Dublin Bus logic is a higher form of logic, not accessible to the man in the street, and even less accessible to the bus passenger. One might as well ask why the company's reputedly fabulous new bus, the "Stillorgan Flyer" as it has been christened, has been introduced while most of us bus-users - way ahead in the branding game - are still being transported by means of filthy clapped-out conveyances like the Terenure Belcher, the Rathmines Roarer, the Templeogue Thrasher and the Donnybrook Dinosaur.

Even superior to the logic of Dublin Bus, however, is the logic of vintners.

Last week, the incoming president of the Vintners Federation and Cobh publican John Mansworth noted that under the current licensing laws, adult drinkers visiting public houses are "being treated like children".

As everyone knows, all syllogisms related to the vintner's trade are questionable, being based on licensed premises. However, the logic in this case may be that treating adult drinkers like children is the only fair way of evening things up, because so many under-age drinkers, happily purchasing drink in public houses and in off-licences, are being treated like adults.

Similarly, it is interesting to see publicans called on by their organisation to increase vigilance in order to combat drug abuse in public houses.

At first, readers may have foolishly imagined the vintners wanted to see people imbibe their preferred drug, i.e. alcohol, in moderation. But that is not what they mean. They are talking about all those terrible proscribed drugs, instead of the permitted, hugely promoted and utterly harmless drug in which vintners deal.

Logic, is it. I understand that the NDDA - the National Drug Dealers Association - is also under pressure from concerned members to help stamp out alcohol abuse. "It's just another drug", one member explained to me, "but we think it's time it was outlawed.
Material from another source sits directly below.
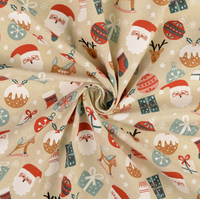 Gedrehter Stoff aus Baumwoll-Canvas mit Weihnachtsmotiven in Rot und Grün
A level playing field is all we ask for, tilted in our favour for a change."

The logic involved in the vintners' demands for longer opening hours is also impenetrable.
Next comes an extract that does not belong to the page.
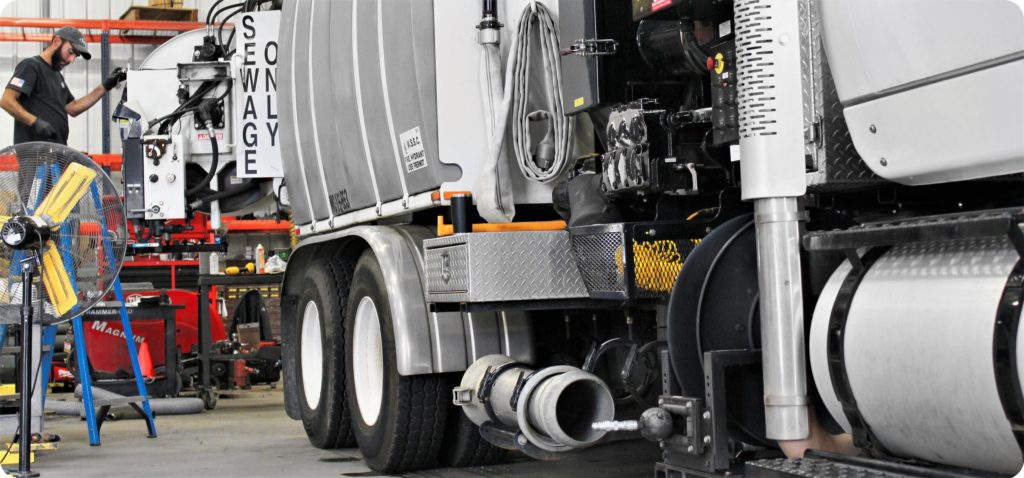 Technician repairs sewer vacuum truck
The publicans told heart-breaking stories last week about "decent, law-abiding citizens" who found "time" called in public houses just when they were getting into their stride. This was supposedly happening because people were going out to pubs later than they used to.

The publican logic appeared to be that this was a cultural phenomenon, bringing us more into line with mad Spaniards and the like, going out for dinner followed by a feed of drink at midnight and even later. It did not occur to the vintners that people might be going out to the pubs later because drink prices seem to rise by the week, and if they went out earlier, they would end up drunker and poorer.

The only logical thing about the vintners get-together last week was its venue, Tralee, whose annual Rose Festival is one of the biggest mass public drug - beg pardon, alcohol abuse events of the year.